Vingt-deux suicides en 18 mois: le décompte tragique a poussé France Télécom, ancien monopole du téléphone devenu géant mondial des technologies, à prendre jeudi des mesures contre le stress au travail et à suspendre les restructurations.

Ces annonces sont intervenues alors que les salariés de France Télécom observaient jeudi une journée d'action à l'appel des syndicats qui imputent la série de suicides aux méthodes de management dans ce groupe employant plus de 100 000 personnes dans le pays.

La direction a annoncé la suspension jusqu'au 31 octobre des «mobilités des personnes concernées par des projets de réorganisation», pour «réexaminer les conditions de leur mise en oeuvre», selon un communiqué du groupe.

Elle prévoit aussi l'ouverture de négociations sur le stress dès le 18 septembre, et le recrutement de 100 responsables de ressources humaines de proximité et de médecins du travail supplémentaires.

Quelque 13,7% de salariés de France Télécom étaient en grève jeudi midi et des rassemblements ont eu lieu à Paris et plusieurs grandes villes du pays.

Mercredi, un technicien de 49 ans avait tenté de se suicider en pleine réunion d'équipe à Troyes (Centre-Est), en se plantant un couteau dans l'abdomen après avoir appris qu'il serait affecté à un poste de moindre qualification.

Le suicide fin août d'un autre salarié à Lannion (Ouest) avait porté selon les syndicats à 22 le nombre de suicides dans le groupe en 18 mois.

«Le sentiment de révolte est profond», a expliqué jeudi Régis Pigre, délégué du syndicat Sud à Troyes.

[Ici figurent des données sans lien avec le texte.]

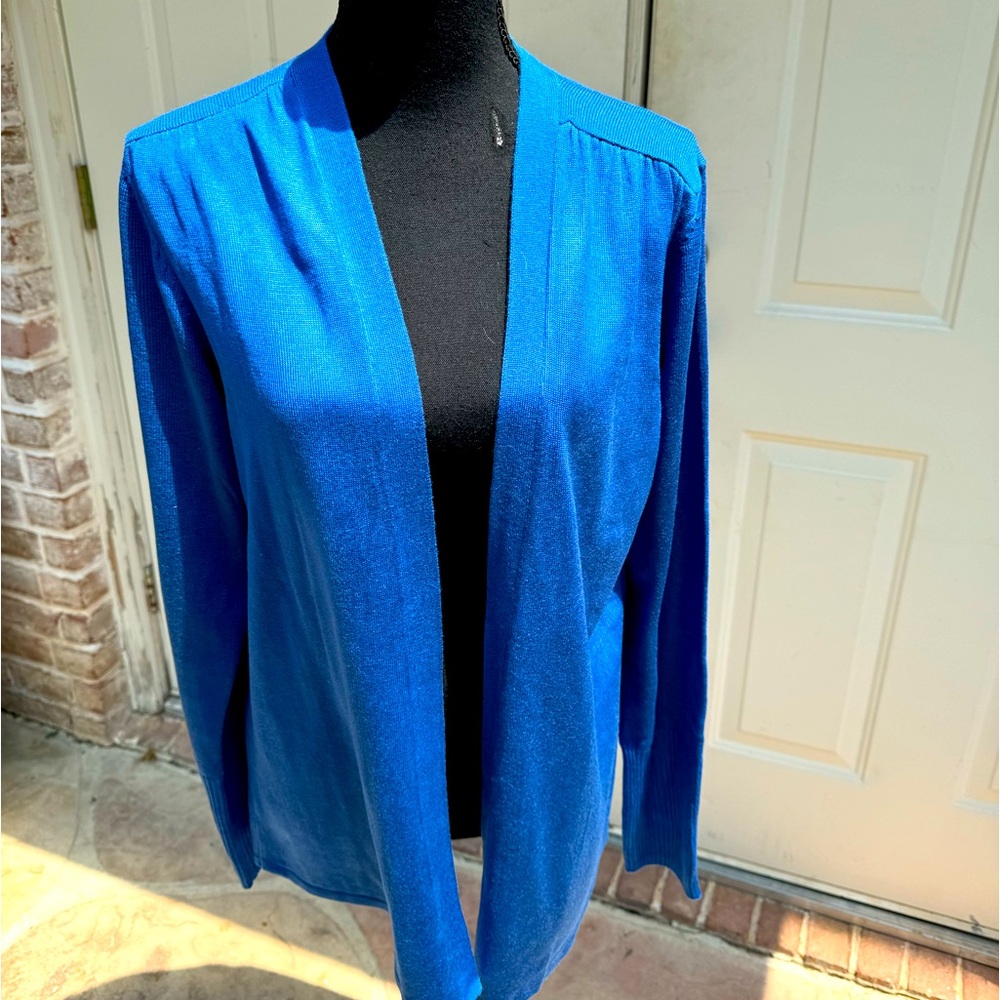 Van Heusen, Blue, Long Sleeve, Cardigan, Size Large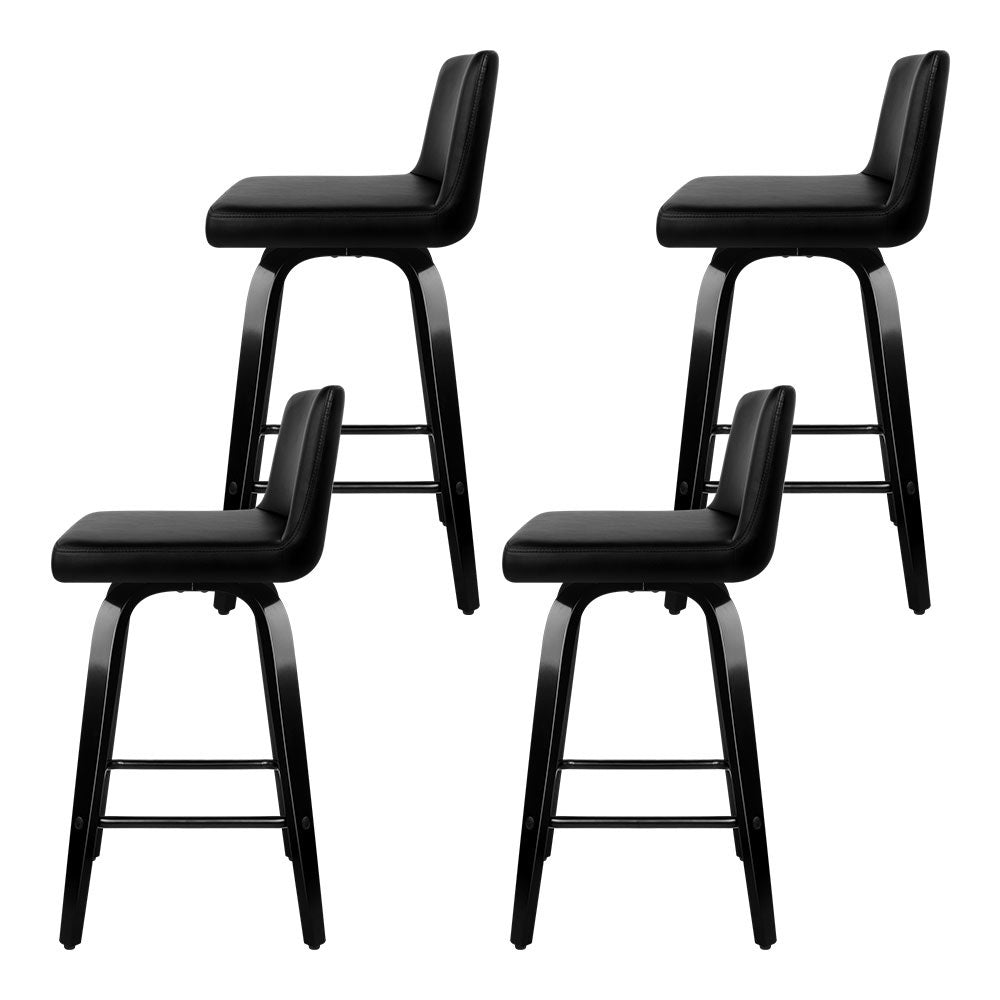 Table & Bar Stools: Artiss Bar Stools Kitchen Leather Barstools Swivel Wooden Chairs X4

L'employé qui a tenté de se suicider mercredi «a démarré en bas et a travaillé pour monter. Du jour au lendemain, on lui dit que maintenant il ferait un travail moins intéressant», avait-il expliqué la veille.

Le 14 juillet à Marseille, un salarié de 51 ans s'était suicidé en laissant une lettre dans laquelle il dénonçait la «surcharge de travail» et le «management par la terreur».

Après le dernier suicide en août, le syndicat CFDT avait affirmé qu'il était en «lien direct» avec les méthodes de management de France Télécom, un groupe en pleine restructuration, confronté à la forte concurrence dans le secteur et aux bouleversements technologiques.

Les syndicats dénoncent des pressions exercées sur les salariés, notamment pour les inciter à quitter l'entreprise dans le cadre des réductions d'effectifs.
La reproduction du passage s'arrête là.